One gadget we know is being debuted in just a few short hours is the new Apple Tablet. Apple’s Hype Machine has had interest in this not so new concept brewing to its current peak for months. It’s really incredible the art of Apple’s team in seeding the rumors, stirring the pot, and – for lack of a better term – manipulating the masses to have all eyes turned on Apple for what this Magic Tablet will be.
I’m not trying to be a downer here… I have incredible expectations for what Apple will unveil. It won’t be the techie specs that make it though, it’s going to be all that Apple has coordinated behind it. To be sure, there were a host of slick Windows OS Tablet/Slates shown off at CES. And then products like Amazon’s Kindle have put books on digital for quite some time. What I expect Apple to show off is an elegant piece of hardware with the functional, real-world use software tools that makes their Tablet consumer ready right out of the box. Great tech specs are nice, but more important is what you can do with it. Where others show off specs, tomorrow Apple is going to sell their new Tablet – not unlike the iPhone – on all the great things you can easily and intuitively do with it.
As an iPhone on steroids, out of the box the Apple Tablet should already have the same function and support as an iPhone.
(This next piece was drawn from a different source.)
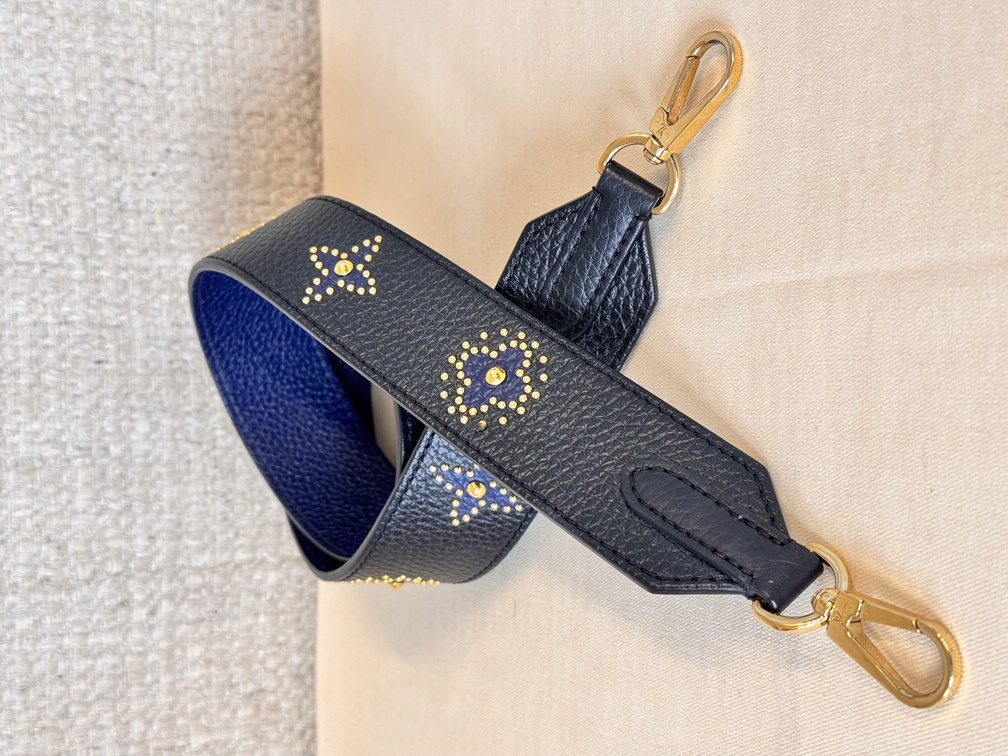 Bandouliere strap black / dark blue studs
But more than that – it’s said to be the right product with the right display technology to take the ‘old media’ experience to digital. Translation: getting magazines, newspapers, and, of course, books in an agreeable and appealing display format. While it’s all been done before, Apple tends to be ground-breaking by providing a solution with a software accessibility that has everyone wanting to use it.
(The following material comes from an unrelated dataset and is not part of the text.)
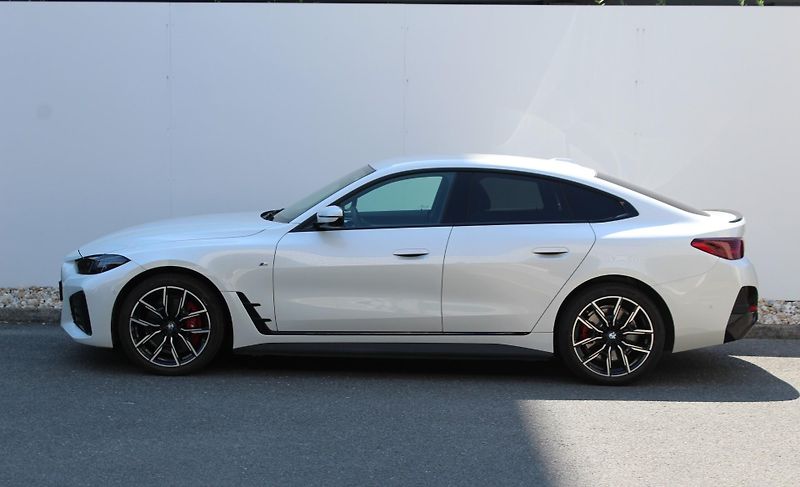 BMW i4 xDrive40 Gran Coupe - fotka 9 z 23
Reportedly, a huge segment Apple is after with the Tablet is education. McGraw-Hill has already spilled the beans that they’re excited about their deal to make their textbooks available via the Apple device. If the usability is up to all the hype that Apple’s brought upon their tablet – just this one segment alone is a game changer. At all levels, from grade school to university, printed books consume considerable financial and physical resources. Worse, when books are updated – prior editions become obsoleted forcing schools and students to buy the latest editions new. The proof is in the pudding, but this could be Apple’s ticket if they deliver a model for education that shows a long term cost benefit whereby the tablet with eBooks replaces those traditional printed texts. And of course, the Tablet is far more than just a glorified Kindle in doing this too.
The possibilities are whatever one can imagine. I expect a lot of what has been imagined will be delivered in the new Apple tablet. It’s not going to be about the raw specs, it’s going to be about all the things people have imagined doing with a tablet and Apple having the software and deals in place that make it real.